The district court applied these criteria and concluded that plaintiffs had failed to demonstrate irreparable harm while defendants showed significant economic hardship, that plaintiffs were not likely to prevail on the merits and that public policy as expressed in the "stadium law," Minn. Stat. ยงยง 473.551-595 (1978), requires that the issues be dealt with legislatively. A review of the record, comprised of the pleadings of both parties and the affidavits and documentary exhibits of defendants, reveals that the trial court did not err in denying the motion.

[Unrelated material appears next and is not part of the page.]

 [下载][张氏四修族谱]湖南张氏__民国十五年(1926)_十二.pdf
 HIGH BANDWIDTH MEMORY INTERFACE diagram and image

Rule 56, R. Civ. P., permits a trial court to order summary judgment upon a showing by the moving party that there are no genuine issues of material fact and that he is entitled to judgment as a matter of law. Rathbun v. W. T. Grant Co., 300 Minn. 223, 219 N.W.2d 641 (1974). When affidavits are submitted in support of the motion, the nonmoving party cannot simply rely upon general allegations in his pleadings but must present specific facts showing that there is an issue for trial on the merits. Defendants supplied the court with affidavits and documents on each factual question raised by the complaint. Plaintiffs did not respond with counter affidavits or other proof that the facts were not as defendants presented them. The trial judge correctly concluded that there was no genuine issue of material fact. Furthermore, the principle legal issues raised whether construction of a stadium constitutes a proper public purpose and whether adequate financial safeguards have been imposed were resolved contrary to plaintiffs' position in Lifteau v. Metropolitan Sports Facilities Comm'n., 270 N.W.2d 749 (Minn. 1978). The trial judge, therefore, properly granted the motion to dismiss the complaint.

Plaintiffs seek on appeal to raise questions not litigated in the trial court. We decline to consider them pursuant to the well-established principles contained in AAMCO Industries, Inc. v. DeWolf, 312 Minn. 95, 250 N.W.2d 835 (1977) and Chicago, Milwaukee & St. Paul Railway Co. v. Sprague, 140 Minn. 1, 167 N.W. 124 (1918).